Tu derecho a estar en paz

Posiblemente sea uno de los principales logros vitales: vivir genuinamente en paz, de un modo luminoso. Darse paz. Dársela y defenderla de todo lo que pueda depredarla. MI SERENIDAD ES MÍA: ME LA GENERO CON LO QUE TENGO, Y LA CUIDO DE LO QUE PUEDA MALTRATARLA (inclusive de mí misma!). Uno de tus derechos es EL DERECHO A ESTAR EN PAZ. Hay que aprender a ejercerlo!

Generar y proteger esa paz, esa serenidad, ya sea estando solo o cuando interactuamos con los demás requiere de una práctica sostenida, que se vuelva cada vez más afianzada a nuestro espíritu: conservar la ecuanimidad, el ánimo sencillo, tranquilo, NO ALTERADO. (De hecho, «alter» significa «lo otro». Que «lo otro» no te quite tu paz arduamente conquistada!)

A veces es uno que no se deja en paz a sí mismo: se presiona, se exige, se auto tortura con pensamientos de lo que «podría ocurrir» (o de lo que ocurrió, y quisiéramos que hubiese sido diferente). Se culpa, se condena, se fabrica una auto compasión malsana… y todos los etcéteras que quepan. Quien conquista su paz conoce estos trucos internos, y, como el que supiera cómo son los trucos de un mago, una vez que se los conoce, deja de creer en los pañuelos que salen de la propia galera. 

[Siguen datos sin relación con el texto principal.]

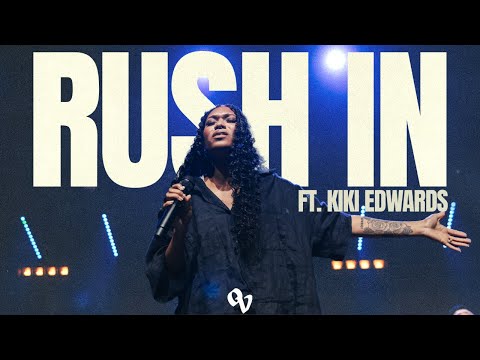 Rush In (feat. Kiki Edwards) | Official Live Video | One Voice INT Music
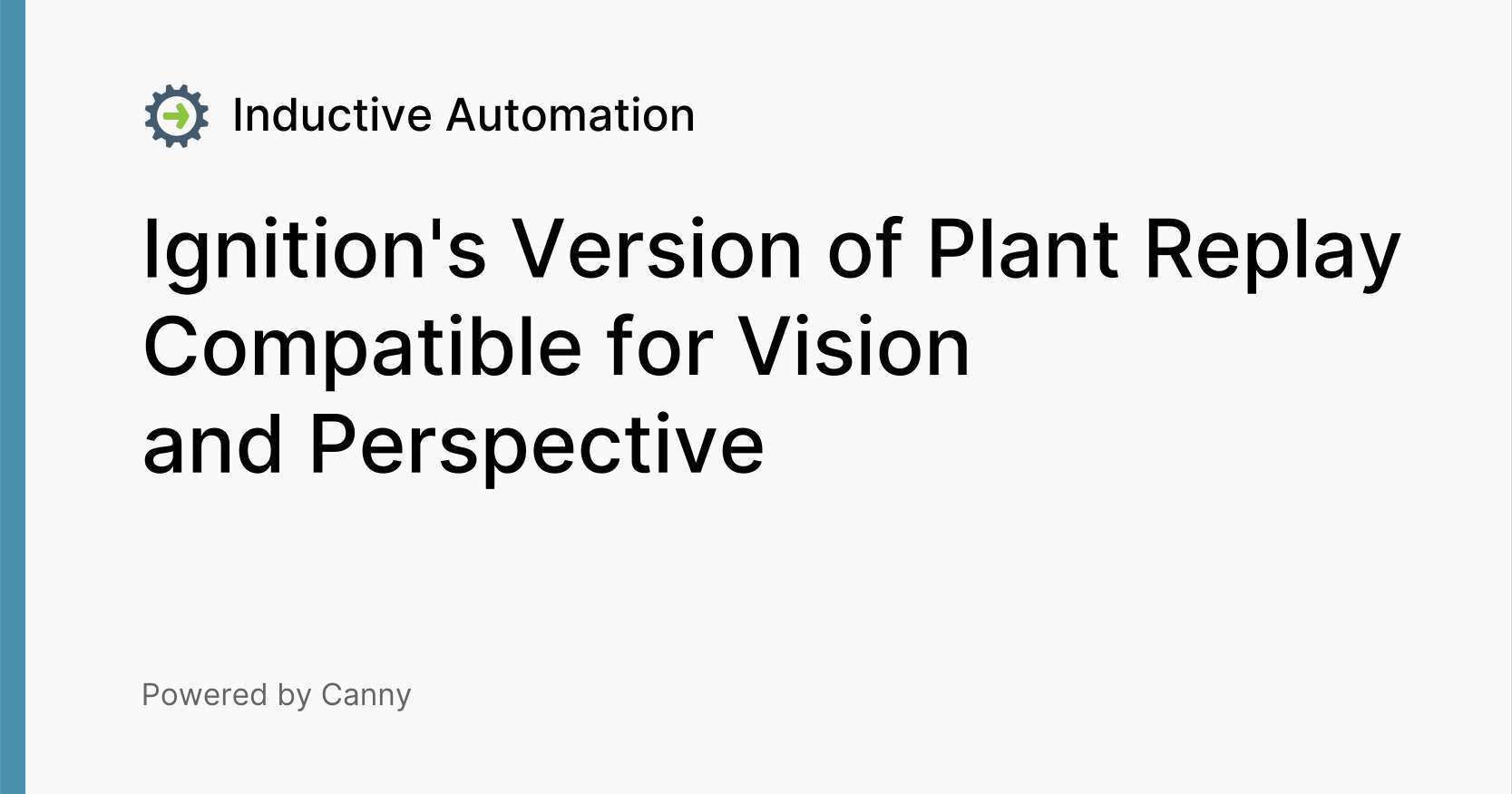 Ignition's Version of Plant Replay Compatible for Vision and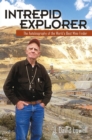 Intrepid Explorer : The Autobiography of the World's Best Mine Finder - Book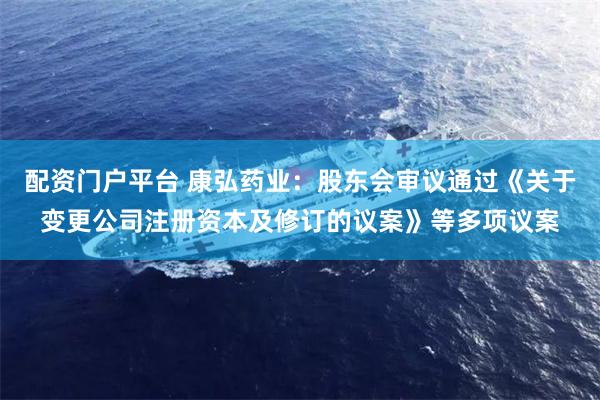 配资门户平台 康弘药业：股东会审议通过《关于变更公司注册资本及修订的议案》等多项议案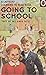 Going to School (A Ladybird Book Series 563)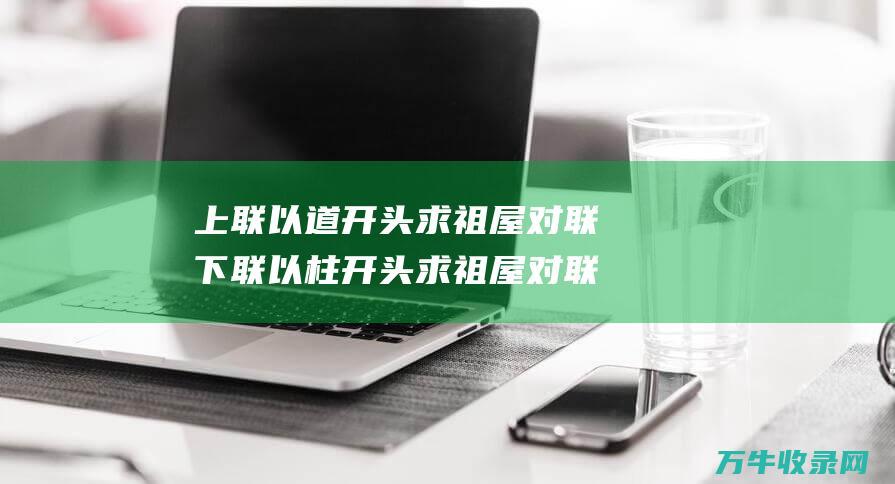 上联以道开头 求祖屋对联 下联以柱开头 求祖屋对联上联怎么写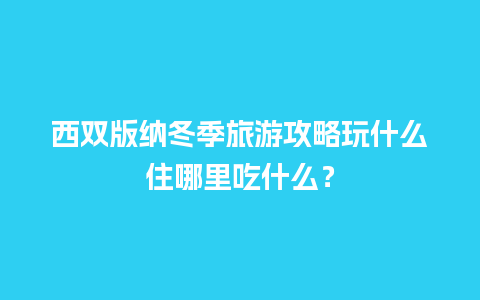 西双版纳冬季旅游攻略玩什么住哪里吃什么？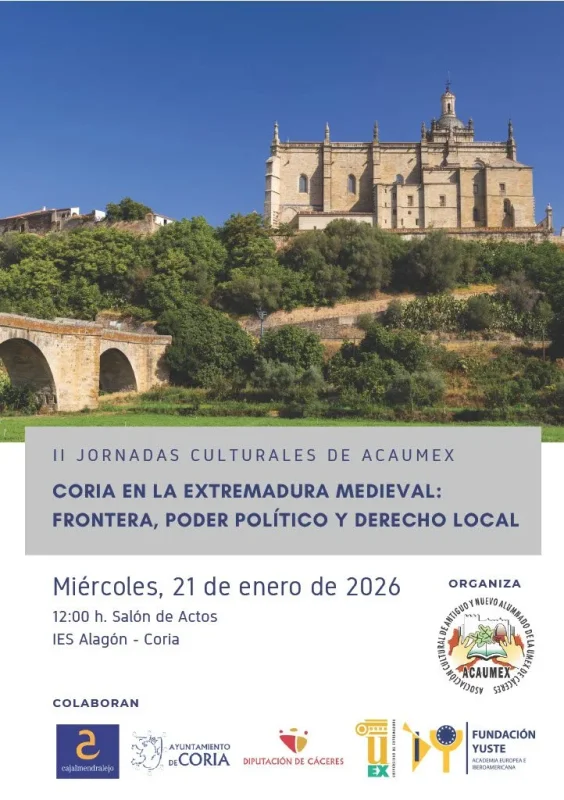 II Jornadas Culturales de ACAUMEX: Coria en la Extremadura Medieval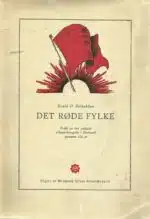 Det røde fylke gjennom 100 år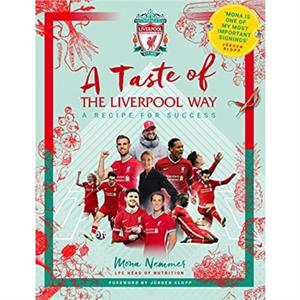 A Taste of the Liverpool Way by Liverpool Football Club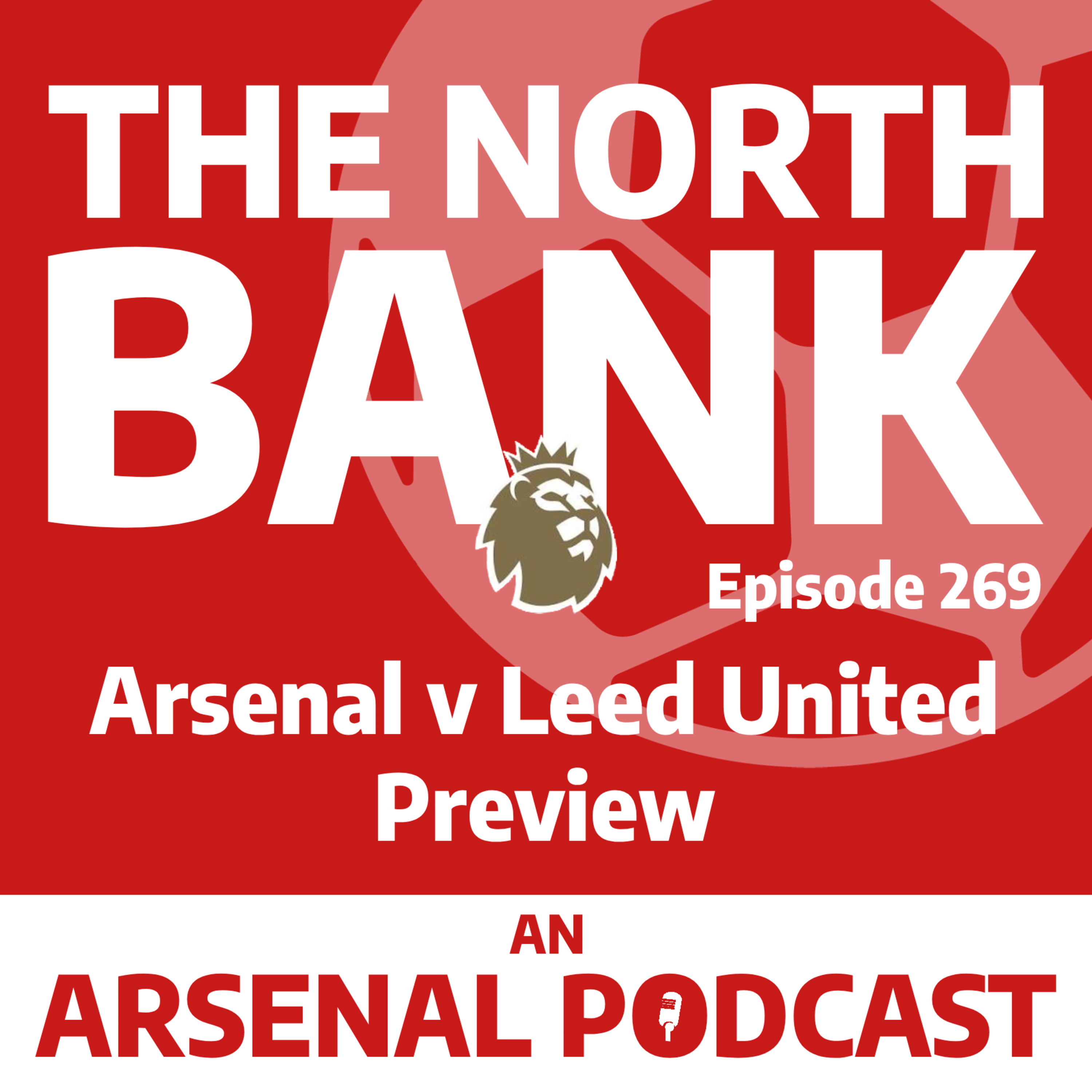 Ep. 269 - Arsenal v Leeds United Preview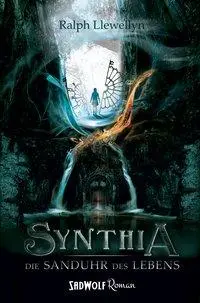 Cover: 9783946446293 | Synthia - Die Sanduhr des Lebens | Ralph Llewellyn | Taschenbuch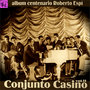 Centenario Roberto Espí: Conjunto Casino, Vol.11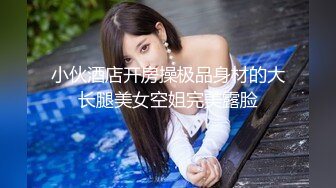 小伙酒店开房操极品身材的大长腿美女空姐完美露脸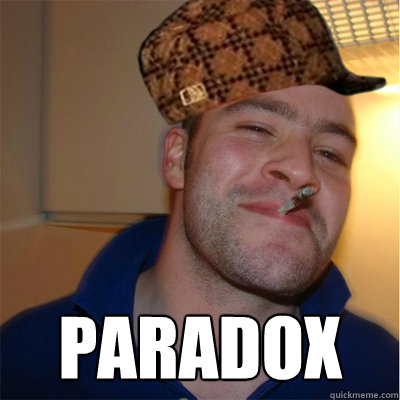  paradox -  paradox  Misunderstood Scumbag Good Guy Greg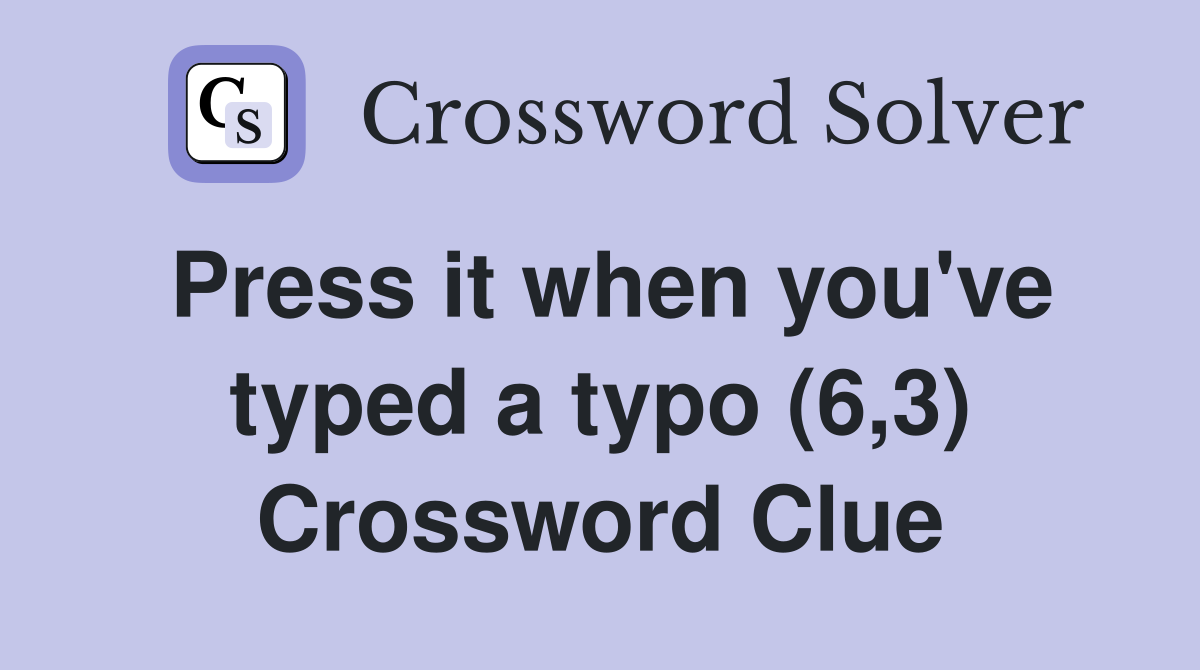 Press it when you've typed a typo (6,3) Crossword Clue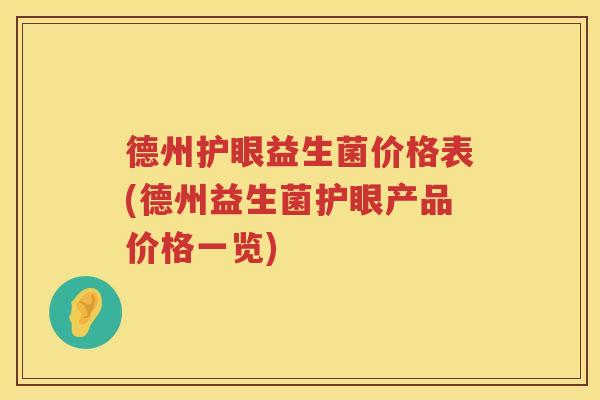 德州护眼益生菌价格表(德州益生菌护眼产品价格一览) 德州护眼益生菌价格表(德州益生菌护眼产品价格一览)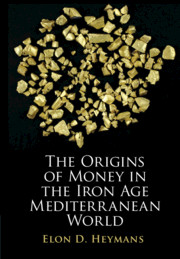 Cover for The Origins of Money in the Iron Age Mediterranean World book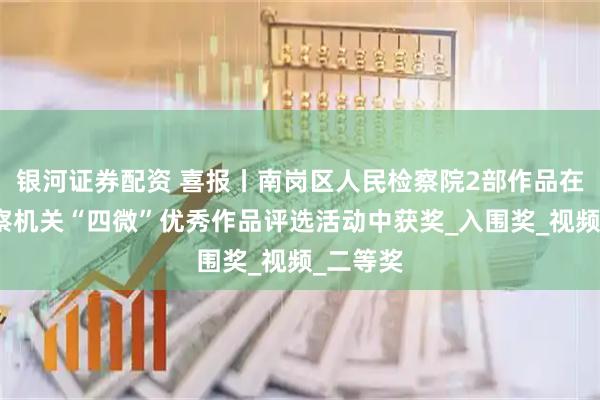银河证券配资 喜报丨南岗区人民检察院2部作品在全省检察机关“四微”优秀作品评选活动中获奖_入围奖_视频_二等奖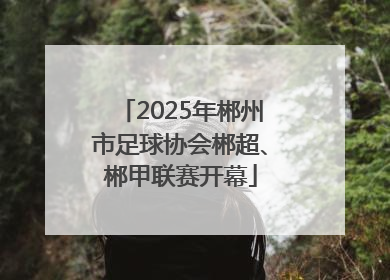 2025年郴州市足球协会郴超、郴甲联赛开幕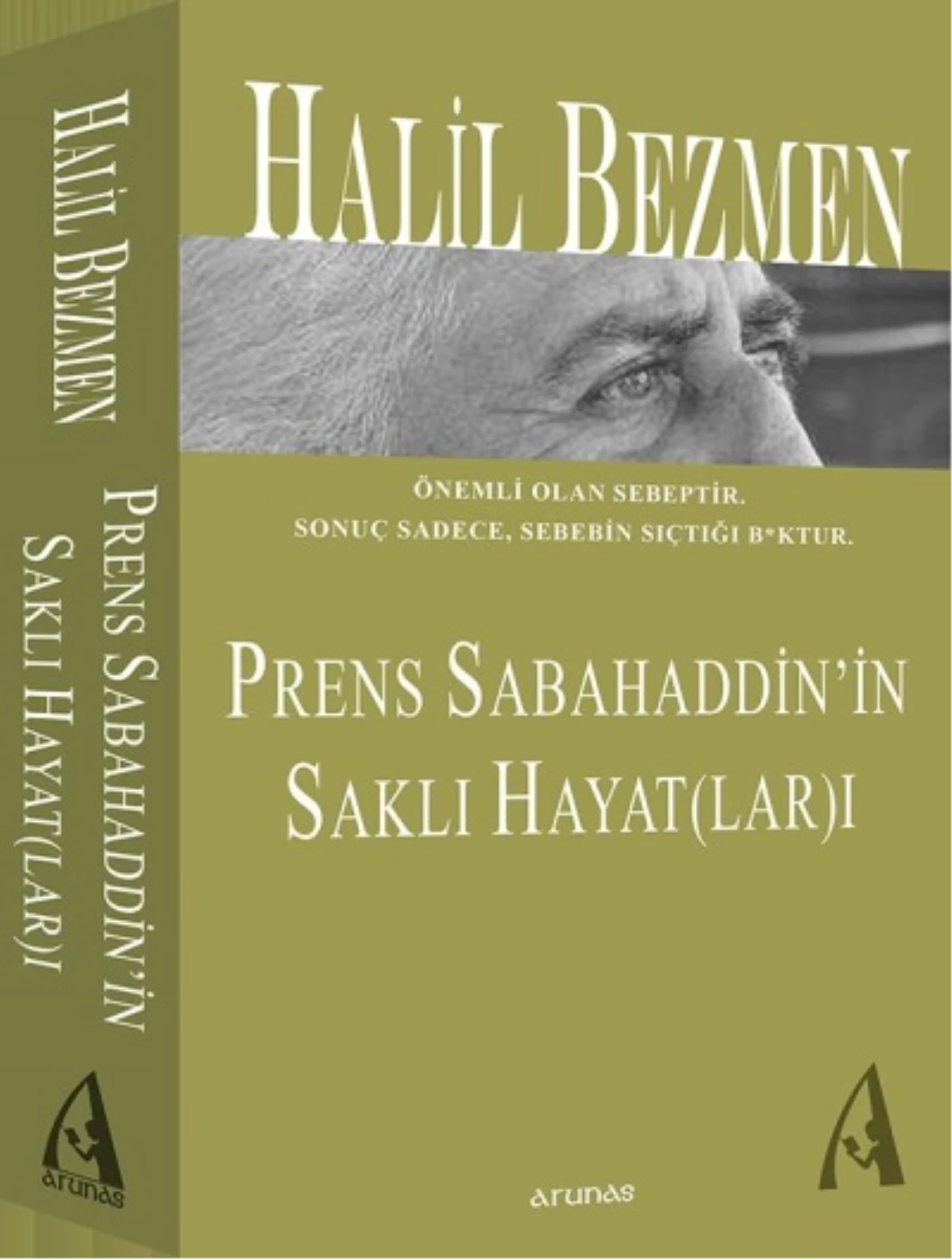 Halil Bezmen, Prens Sabahaddin\'i Yazdı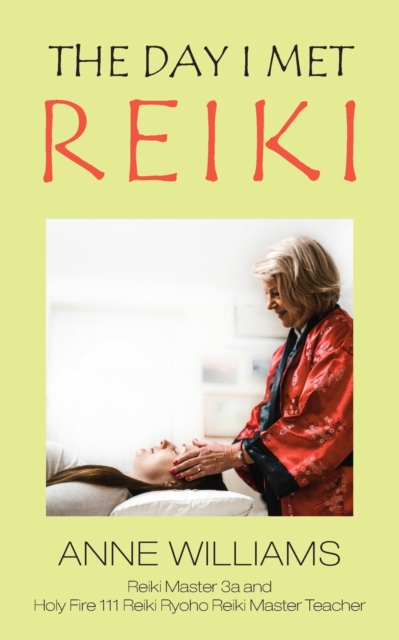 Day I Met Reiki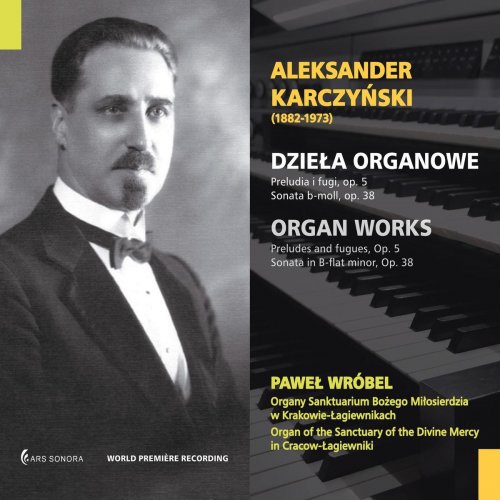 Paweł Wróbel - Aleksander Karczyński - Organ works (2019)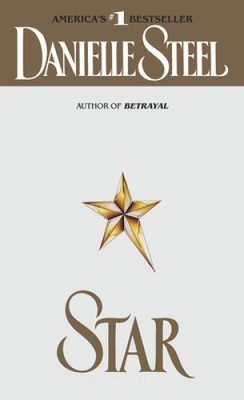 Star: A Novel by Steel, Danielle [Paperback]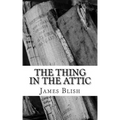 The Thing in the Attic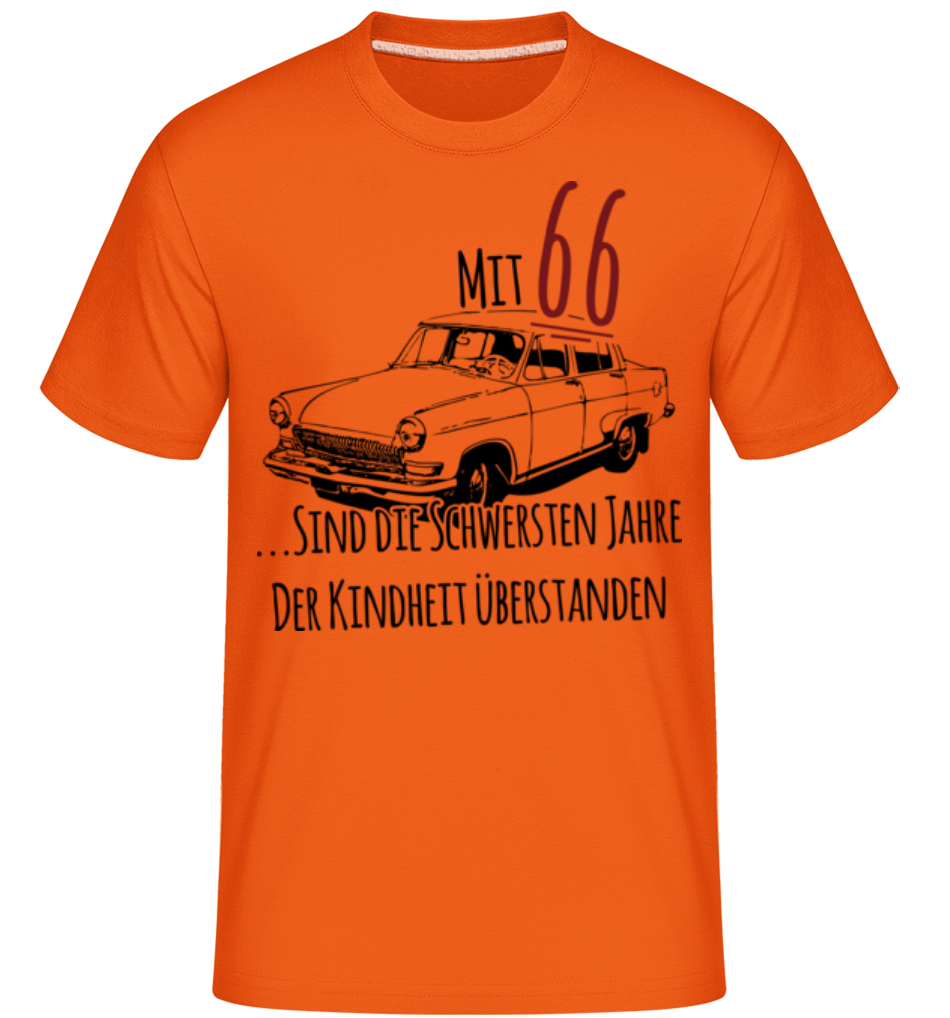 Mit 66 Jahren · Shirtinator Männer T-Shirt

Tener talento para autogenerar paz ES ALGO QUE SE APRENDE, QUE DEBE ENTRENARSE PARA QUE SE FORTALEZCA. Encontrar qué nos aquieta, quiénes nos perturban, qué nos baja de pensamientos autoinquietantes, y cómo modular toda angustia innecesarias.

A mí me serena laborar en el jardín, escribir, cantar, jugar con mis perros, sacar fotos o filmar para luego compartir un poco de lo que me conmueve, aquietarme y respirar, tener buenas conversaciones con gente querida (o inclusive con quienes no conozco), y disfrutar de la soledad… Elijo vivir de manera sencilla, que me evite ansiedades innecesarias. 

Cultivo mi paz como si fuera una orquídea. Y cuando salgo al mundo hago todo lo que sé y puedo para que nadie fume sobre mi orquídea, nadie la manosee. No siempre puedo, pero a lo largo de los años he podido cada vez un poquito más. Y defiendo mi paz respecto de mí misma con igual actitud firme y atenta, como cuidaría a un indefenso: mi paz necesita que la cuide, porque aún es indefensa, aún no puede cuidarse por sí sola (como la gente que ha evolucionado más que yo).